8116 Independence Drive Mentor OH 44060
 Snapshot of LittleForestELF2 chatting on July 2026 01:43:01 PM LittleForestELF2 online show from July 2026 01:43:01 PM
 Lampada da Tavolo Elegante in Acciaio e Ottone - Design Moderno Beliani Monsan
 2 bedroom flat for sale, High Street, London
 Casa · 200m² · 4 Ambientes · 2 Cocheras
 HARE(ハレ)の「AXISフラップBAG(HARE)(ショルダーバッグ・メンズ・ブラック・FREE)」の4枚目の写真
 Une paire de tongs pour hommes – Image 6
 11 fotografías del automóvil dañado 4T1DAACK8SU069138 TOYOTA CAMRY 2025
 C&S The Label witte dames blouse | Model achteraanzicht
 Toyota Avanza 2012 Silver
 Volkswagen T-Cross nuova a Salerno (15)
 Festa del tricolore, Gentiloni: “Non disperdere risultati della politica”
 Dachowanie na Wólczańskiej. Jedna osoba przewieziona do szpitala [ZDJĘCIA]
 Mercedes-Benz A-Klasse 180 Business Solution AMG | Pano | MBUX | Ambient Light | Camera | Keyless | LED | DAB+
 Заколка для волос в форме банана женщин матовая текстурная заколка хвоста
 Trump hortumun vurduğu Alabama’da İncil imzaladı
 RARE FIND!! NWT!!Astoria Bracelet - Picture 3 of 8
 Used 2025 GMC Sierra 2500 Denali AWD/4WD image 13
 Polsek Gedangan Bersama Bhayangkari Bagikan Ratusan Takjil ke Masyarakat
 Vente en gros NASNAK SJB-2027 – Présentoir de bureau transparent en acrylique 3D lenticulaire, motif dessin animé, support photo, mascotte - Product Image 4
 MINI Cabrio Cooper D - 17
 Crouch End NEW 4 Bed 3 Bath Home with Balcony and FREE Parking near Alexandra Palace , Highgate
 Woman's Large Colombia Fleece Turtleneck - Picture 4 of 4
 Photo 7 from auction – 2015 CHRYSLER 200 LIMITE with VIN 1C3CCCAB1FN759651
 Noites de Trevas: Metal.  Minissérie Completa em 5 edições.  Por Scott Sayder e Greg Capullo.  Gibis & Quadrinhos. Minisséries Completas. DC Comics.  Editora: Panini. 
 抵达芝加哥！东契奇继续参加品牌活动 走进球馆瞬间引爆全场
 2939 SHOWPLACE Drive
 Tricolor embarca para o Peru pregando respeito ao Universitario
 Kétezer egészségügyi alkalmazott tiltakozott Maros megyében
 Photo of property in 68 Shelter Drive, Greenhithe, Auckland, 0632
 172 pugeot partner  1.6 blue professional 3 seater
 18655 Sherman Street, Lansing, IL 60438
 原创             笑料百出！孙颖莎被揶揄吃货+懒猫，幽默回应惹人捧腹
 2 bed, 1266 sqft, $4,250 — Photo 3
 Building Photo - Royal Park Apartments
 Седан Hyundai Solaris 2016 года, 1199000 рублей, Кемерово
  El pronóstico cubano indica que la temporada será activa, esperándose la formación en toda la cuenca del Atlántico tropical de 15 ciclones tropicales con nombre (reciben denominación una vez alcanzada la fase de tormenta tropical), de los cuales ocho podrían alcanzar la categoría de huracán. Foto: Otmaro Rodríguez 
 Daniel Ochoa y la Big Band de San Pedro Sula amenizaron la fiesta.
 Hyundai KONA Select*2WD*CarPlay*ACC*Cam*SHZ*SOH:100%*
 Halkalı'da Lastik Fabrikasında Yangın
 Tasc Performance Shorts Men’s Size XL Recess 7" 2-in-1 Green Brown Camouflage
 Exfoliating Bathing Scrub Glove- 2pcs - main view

● ● ● ● ● ● ●

## WHAT THIS TASK INVOLVES:
Every line in the data above that contains the word "Drive" should be copied.

## RESPONSE AREA:
8116 Independence Drive Mentor OH 44060
 2939 SHOWPLACE Drive
 Photo of property in 68 Shelter Drive, Greenhithe, Auckland, 0632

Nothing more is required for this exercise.